Please share your strangest "only in New York" story. That's a tough one to answer, since I've had so many strange experiences in New York. One memorable New York story happened on a train and involved a lost phone. A friend of mine and I got on the train, only to find a cell phone sitting on the seat next to us. My friend flipped it open and freaked out. The cell phone wallpaper image was a crotch shot close-up. He quickly put it down and commented in surprised disgust at the pornographic picture, asking to use hand sanitizer because he felt so dirty from touching it. Just before the train doors closed, a sweaty man literally jumped into the train car. He looked at us and announced, "Man, I'm so fucking stoned I can't even believe it!" and then went on with more details to back up his uncomfortable announcement. At a certain point, he saw the cell phone, opened it, and exclaimed, "Holy shit! It's my cell phone! I can't believe I found it! I thought it was lost for good! Goddamn. Only in New York, right?" Afterwards we rode with him for another excruciating half hour, listening to his rants in awkward, embarrassed silence.

Which New Yorker do you most admire? I’ve always had a lot of respect for David Byrne, but there are so many other outstanding New Yorkers that I’m not sure that I admire him the most of all. He’s definitely on my top ten list, though.

Given the opportunity, how would you change New York? Less expense overall and more convenience traveling between Queens and Brooklyn would be a good start. More accessibility to high quality education for those with limited means would also be on my list of things to do. Higher quality health care for the uninsured (had some nightmare experiences while uninsured) would also be essential.

Under what circumstance have you thought about leaving New York? I’ve gone through periods where finances were so tight and good jobs seemed so scarce that I considered giving up on New York and moving away…but when I considered my alternatives, I realized that I couldn’t think of anywhere else that I’d rather live right now.

Do you have a favorite New York celebrity sighting or encounter? I saw Sonic Youth guitarist Lee Ranaldo eating burgers with a small group of children at The Shake Shack in Madison Square Park. It was really endearing, and kind of changed my perception of him and Sonic Youth in general.

What's your current soundtrack?
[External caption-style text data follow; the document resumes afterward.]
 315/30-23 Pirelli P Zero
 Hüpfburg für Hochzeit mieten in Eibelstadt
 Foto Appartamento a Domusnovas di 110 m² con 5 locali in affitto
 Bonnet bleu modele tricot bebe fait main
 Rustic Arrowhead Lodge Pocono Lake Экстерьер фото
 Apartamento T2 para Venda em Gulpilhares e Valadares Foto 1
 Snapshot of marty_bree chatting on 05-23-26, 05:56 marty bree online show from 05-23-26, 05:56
The ambient sound of New Yorkers mixed with whatever is playing on my iPod or in my mind at the moment. My music tastes are too varied and my collection too abundant to narrow down into an answer to this question.

What's the best subway line? I haven’t ridden them all, so I can’t claim to know which is the best. I’m rather fond of the N & W trains, though—smooth rides, above ground in Queens, with great people watching.

Favorite place for people watching. New York is so rich with diversity that the entire city is amazing for people watching. Subways are great, as are parks, concerts, and any other event locations.

Best cheap eat in the city. I don’t really feel qualified to answer this in a city populated by foodies and food bloggers - especially since my culinary experiences in New York are very limited. Having said that, I really love the Azteca Pride El Rey Del Taco Truck off the 30th ave. stop in Astoria. The owner has also opened a restaurant by the same name which has been both good and cheap every time I’ve been there. Outside of Queens, I love Shake Shack, but that’s hardly a revelation for anyone who’s lived here for awhile.